A variation along this theme occurs in higher winds. Instead of the bubble building in time over a singular location, the surface winds regularly detach the weak leak-off bubbles early from their source and they begin drifting with the wind. Then another forms pretty soon over the original source, the wind tears it away, and on we go. What microlift technique can be utilized in this instance? Park yourself over the source, continuing to descend to the 500' level or lower if necessary, in the hopes that a big enough one will break free to send you back to the upper levels. If not, take the next one that leaves and commit to drift with it. What happens in these conditions is that the weak lift may take you a few hundred feet higher, but no more. Stay with it. You've made your decision. Sustain in the bubble, not over the ground source. Do not exit and try to find a stronger one. Not only is it unlikely that you will find a stronger one in a random search of these conditions, but you certainly don't have the altitude or time to explore for very long.
What happens in these situations is that the bubble you are with will eventually contact another good ground source, combine with it's heated potential, and nearly always provide you the energy to go back to the upper levels.
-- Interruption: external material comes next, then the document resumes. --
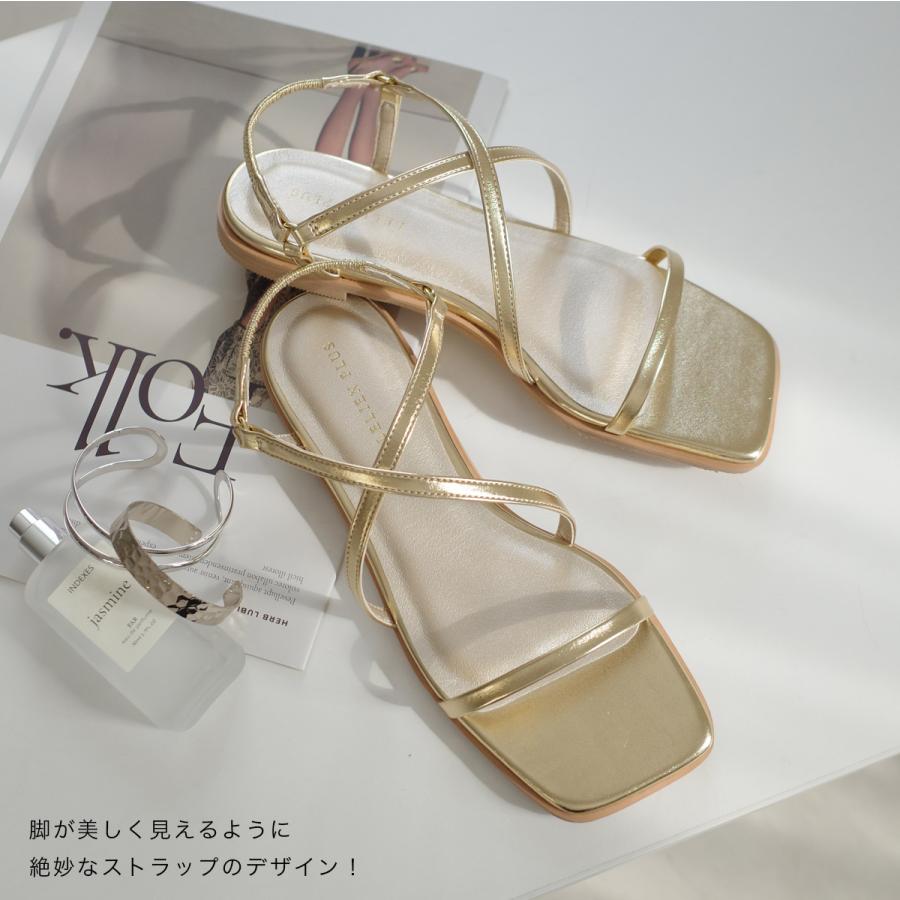 ブレンタ 22AW アパルトモン別注 スクエアトゥストラップサンダル ゴールド アミアミ AmiAmi [アミアミ]2WAY ストラップ スクエアトゥ サンダル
In this instance, you'll find yourself working what we may refer to as cumulative thermals. It can actually be quite predictable... drifting along, barely sustaining over green fields... and spotting a big plowed one coming up in about a mile or so. Sure enough, when you get there, it all comes together and you're gone!
Without a doubt, there's usable lift to be found down here, in close proximity to the earth. Capturing it's potential requires a combination of the right equipment and the right techniques. Of course, nothing presented herein should be construed as a contradiction of the old soaring adage "Get high and stay high!". But when everything else has failed you, and you're just not yet resigned to landing, nap-of the-earth microlift may prove to be your answer.
Hopefully there's something here which will prove useful to you whether you fly a hang glider, a standard class sailplane, or a Nimbus IV. And, I hope it gives impetus to those interested in exploring the emerging field of ultralight and light sailplanes. Whether it's the excellent soarability, the increased number of usable landing fields, the efficiency of micropatterns, or the reliability of a nap-of-the-earth save, this class has much to offer. In case you haven't already guessed it, I'm thoroughly enjoying myself in this regime!